Risk is everywhere. Decide and live with the consequences.
Efficiency includes respect and empathy.
How many failed initiatives can you afford to get to a success? Does it matter?
Results is what you leave behind. The sweat and tears dry up.
Fundamentals
Respect - We disagree. If not, we would not have jobs.
Honesty - The truth hurts sometimes but it leaves you free to focus on the essential.
Learning - Learn alone and together every day. There is no limit.
Accomplishment - Is a happy customer using software you wrote not beautiful?
Dream - Software engineers are magicians; they create what used to be impossible.
People
Take care of people. Work is a marathon.
People are smart and curious. When engaged they will impress you.
Ensure people get the credit they deserve.
Pure joy: designing a feature with peers and barely talk because you can read each other's mind.
Being in a great team is a privilege you earn by building trust and making difficult decisions.
I love to make people smile with my not so funny humour. They seem to enjoy it so I keep going at it.
Management
There is an infinite amount of work; do some yourself, delegate most of it, and ignore the rest.
Build solid relationships. You will need them to face the storms and reach far away lands.
Gratification comes from seeing your product improve; the work of countless people toward a common objective.
The movie would be a thousand shades of grey; every decision is based on partial information.
Software
Software is never perfect; it must be good enough to generate revenue exceeding its development costs.
Developing an application feature set is half the work. The other half is deploying it in production.
Coordination between teams is a hard problem. It can consume more resources than the hardest technical challenges.
Architecture is tied to your organization. With delivery timeliness in mind favor short term requirements and proven technologies. Share information for the team to be the architect. You will never get it right but keep trying.
Key Performance Indicators (KPIs) are treacherous creatures. They affect the system they measure.
A good name makes a difference; it helps the mind remember, it guides people, and it prevents ambiguity.
API between components deserve the utmost design attention.
Feature flags are a double edge swords. Use them wisely.
Programming is a craftsmanship. Clean code must be readable and factorized to reduce documentation.
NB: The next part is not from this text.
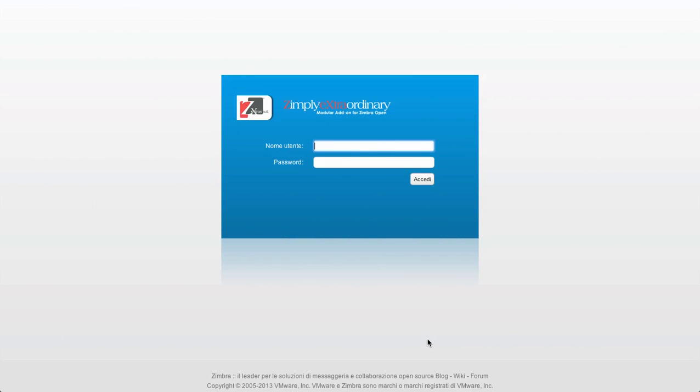Delegated Admins can access the Zimbra Administration Console from the very same URL used by Global Admins, using their own username and password to log in.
Design software that ages well. You would not want you maintenance costs to ruin your lucrative business. Refactor to death.
Performance always matters but keep in mind "Premature optimization is the root of all evil" -- Donald Knuth
Ensure you invest in focused automated testing at the appropriate layer.
Code reviews; the best teaching tool.
Documentation must be alive; often generated, focused, and close to its consumption and change triggers.
There is no "what if" in agile. Satisfy the requirements with the least amount of work.
If only we could live in a world where the time-quality-cost triangle does not apply.
Creation of quality enterprise products requires adapted processes and tooling.
Trends
Deliver fast and often so you can fix without costly investigation. Production monitoring is a new form of tests. System tracing tools are game changers. Many bugs only happen in production. At least now, we can catch them.
Cloud based applications is the largest paradigm shift I have experienced. A mesh of services tied with a small amount of code to deliver massive functionality.
AI; Intriguing these black box models but so powerful when accurate. Although new, it is still all about the data.
Event driven systems are like purring cats. Silence is the alarm bell.
Configuration as code brings much needed automation and traceability but not everything is idempotent. You will need to get creative. Automate, automate, automate.
Serverless. Yes.
Testing strategies in microservice environments need to be adapted. Consumer-driven contract testing is costly but will safeguard your system in the long run.
Kubernetes, the defacto container orchestration, is not your friend; it will cost you an arm and a leg in configuration and maintenance. Consider hosted versions or better a more managed platform if you can.
Code is still the precious. Nurture it with best practices and it will give you back for years.